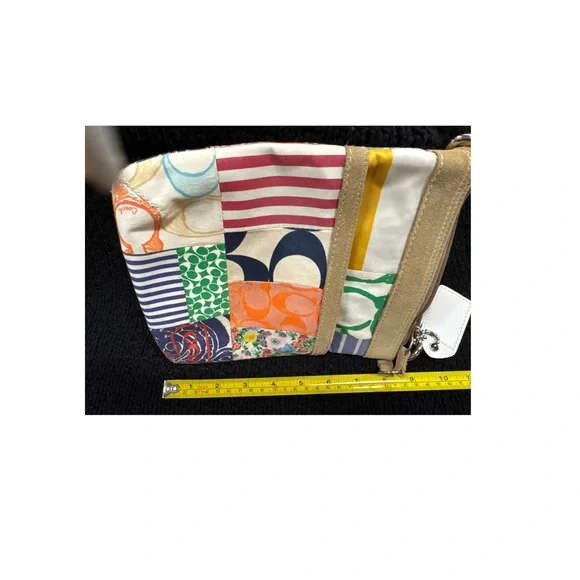 Colorful Coach Patchwork Crossbody Bag - Picture 6 of 8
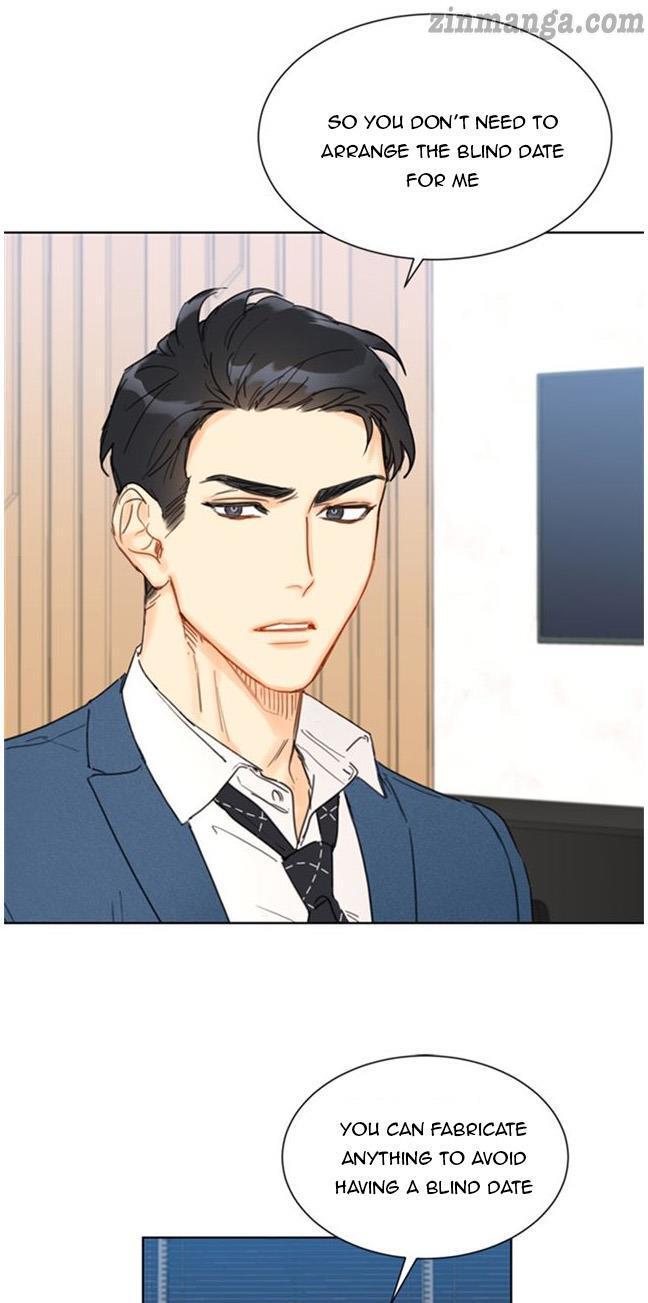 I got a date with the president Chapter 35 - page 12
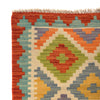 Handmade Vegetable Kilim 2' 9" x 3' 11" (ft) - No. B29399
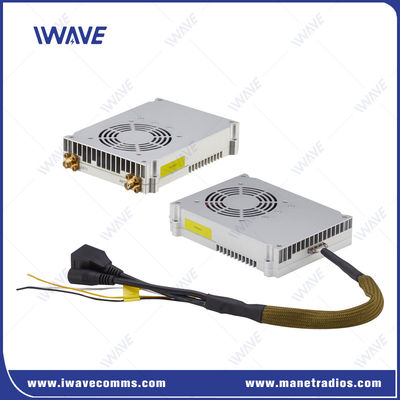 텔레메트리 데이터 IP MESH 모듈 UAV 비디오 송신기 30km 여러 비디오 스트림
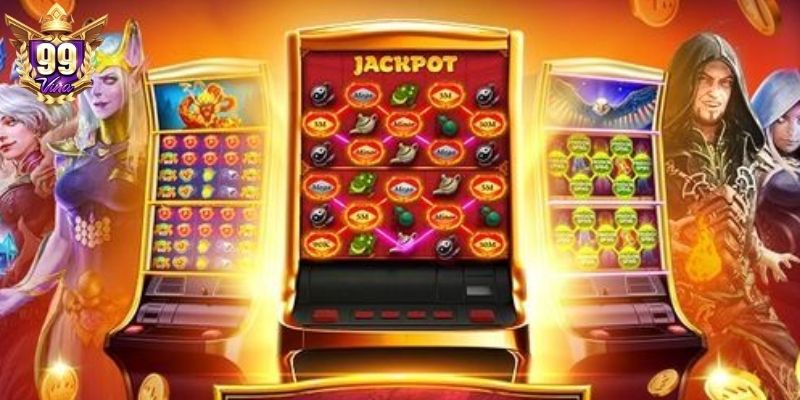 Đăng nhập 99Vina để tận hưởng đa dạng chủ đề slot game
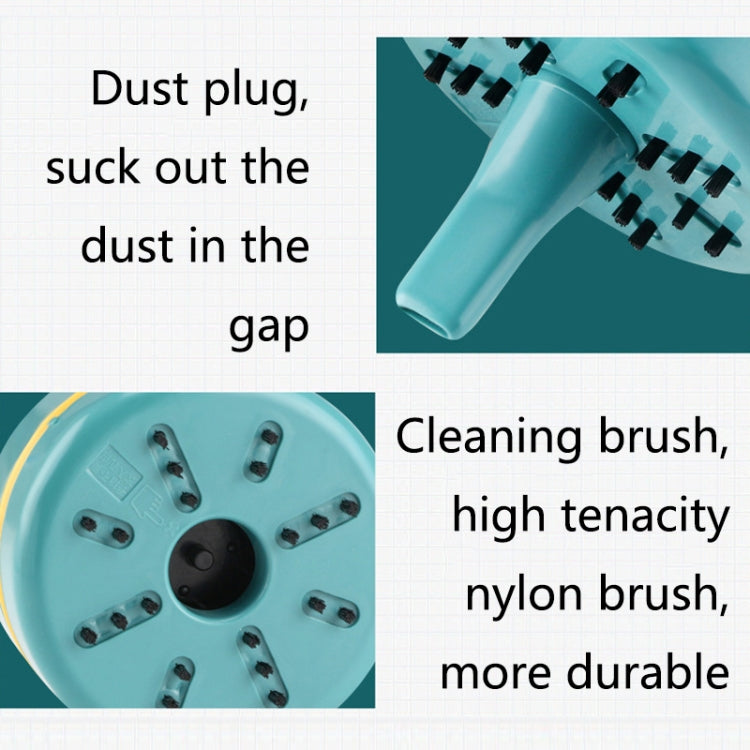 Desktop Vacuum Cleaner Eraser Keyboard Cleaner USB Child Automatic Dust Removal Machine(White)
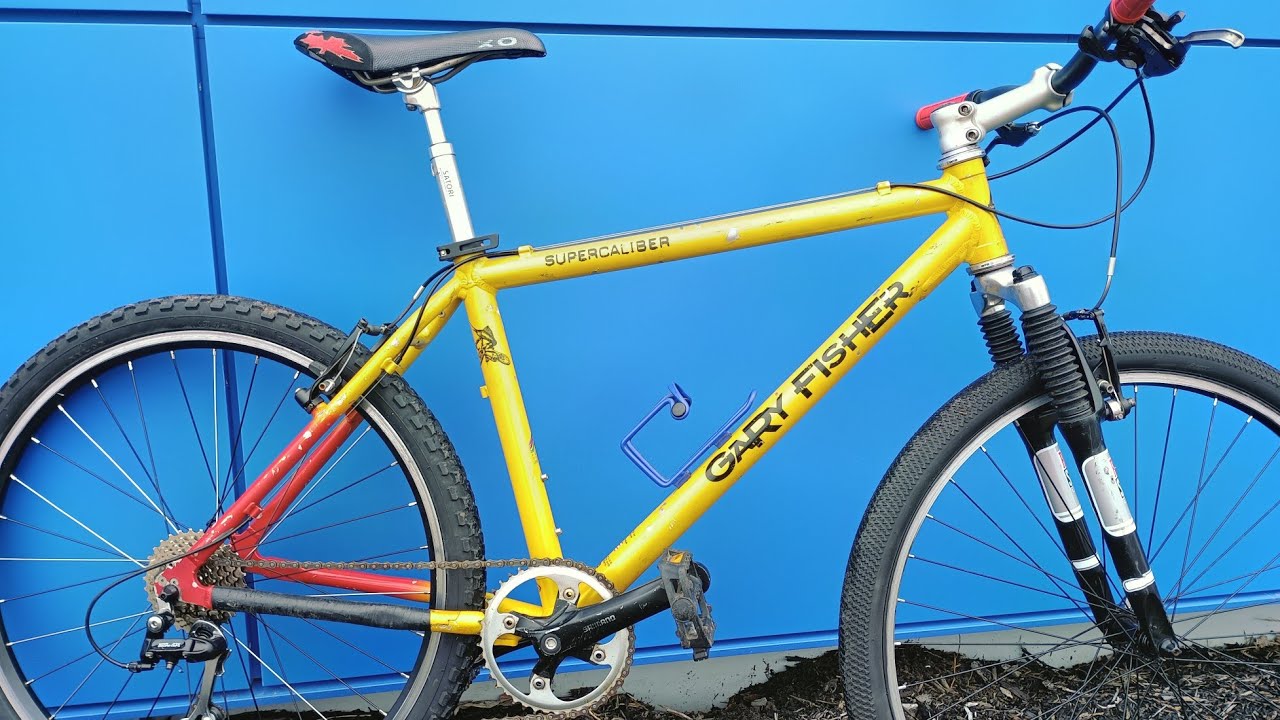 1997 Gary Fisher Supercaliber - YouTube
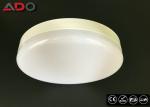 White Plastic Square IK10 4000K 20W LED Bulkhead Lamp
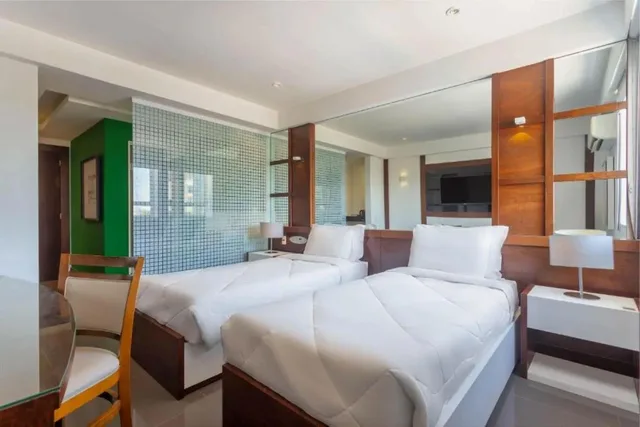 جناح سوبيريور بسرير مزدوج، DOM Barra Hotel 1/2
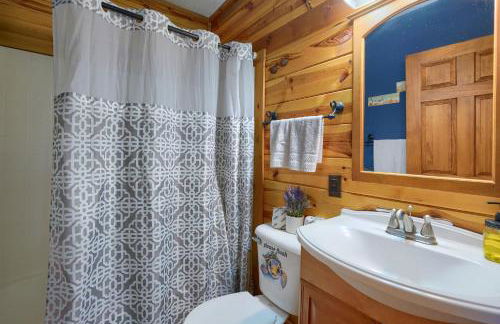 Blue Rose Cabins - Lincoln Log Cabin - Foto 5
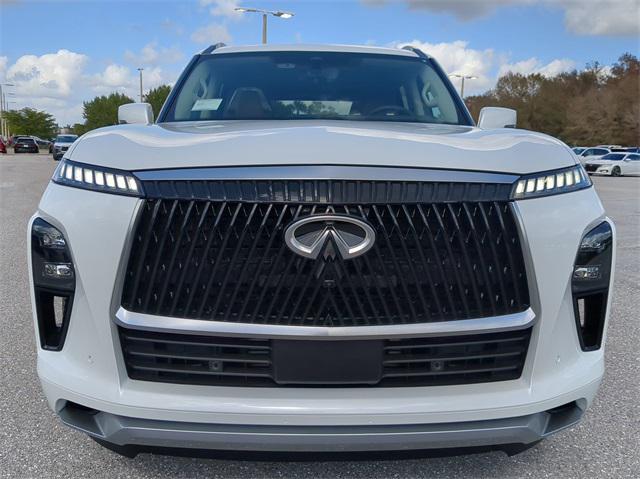 new 2025 INFINITI QX80 car, priced at $102,845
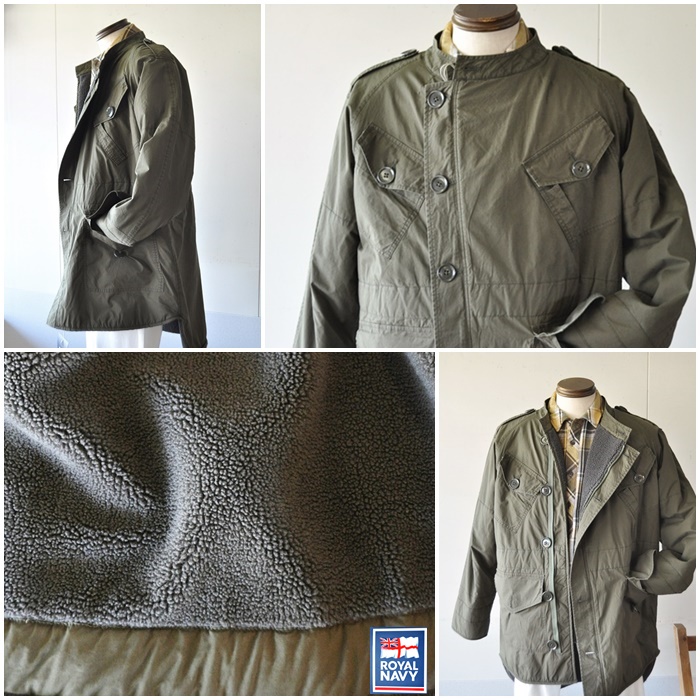 ROYAL NAVY ロイヤルネイビー ミリタリーコート 1952 MIDDLE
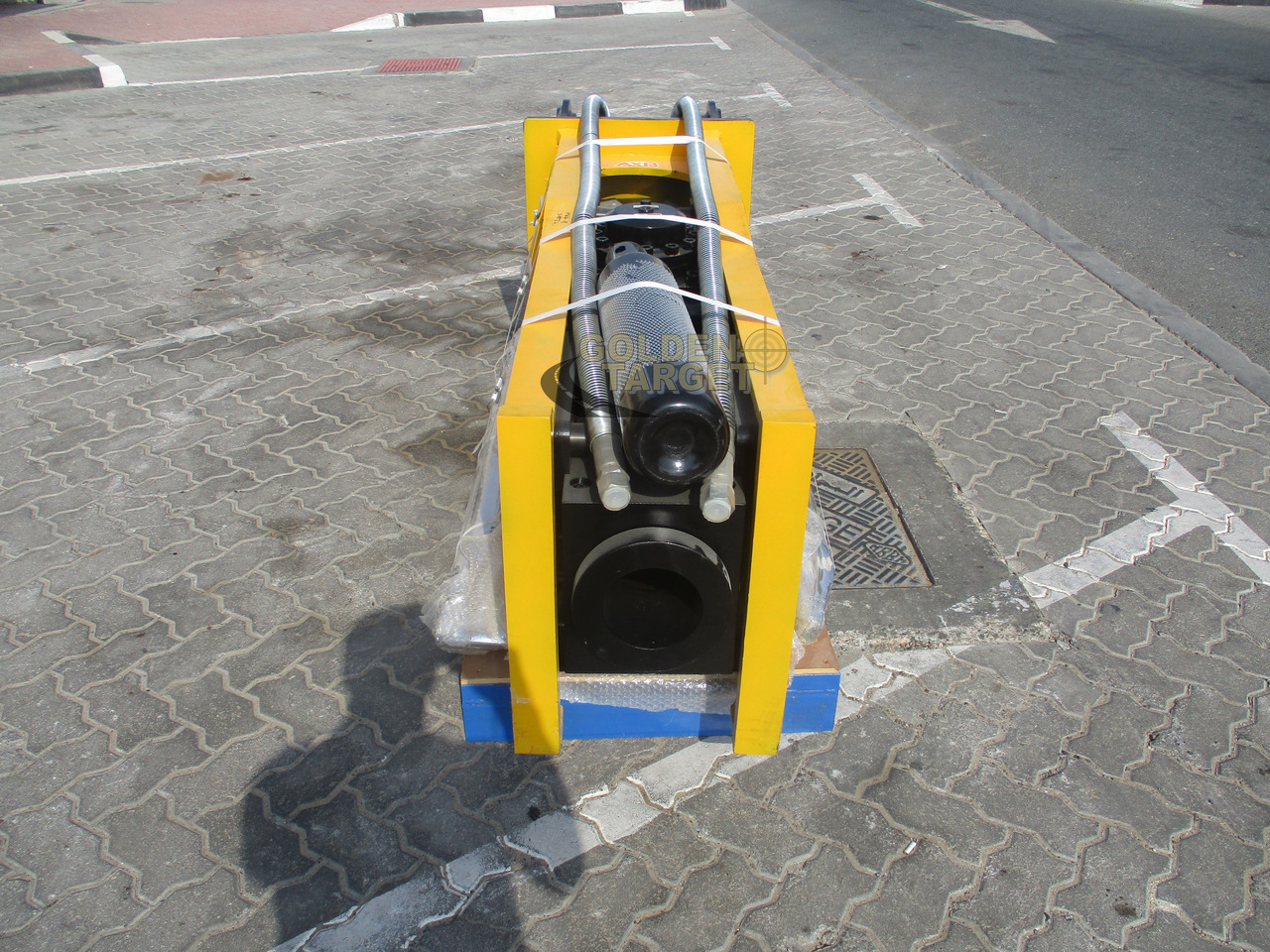 Нови Хидравличен чук за Багер AXB BRK140A Silent Hydraulic Breaker Hammer: снимка 6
□ □ □ □ □ □ □
▶ **Activity**
Set down only the lines from the one with "1997 Gary Fisher Supercaliber - YouTube" through the end of the entries, exactly as they appear, leaving out each picture.

▶ **Solution to this exercise**
 1997 Gary Fisher Supercaliber - YouTube
 White Plastic Square IK10 4000K 20W LED Bulkhead Lamp
 جناح سوبيريور بسرير مزدوج، DOM Barra Hotel 1/2
 Blue Rose Cabins - Lincoln Log Cabin - Foto 5
 new 2025 INFINITI QX80 car, priced at $102,845
 ROYAL NAVY ロイヤルネイビー ミリタリーコート 1952 MIDDLE
 Нови Хидравличен чук за Багер AXB BRK140A Silent Hydraulic Breaker Hammer: снимка 6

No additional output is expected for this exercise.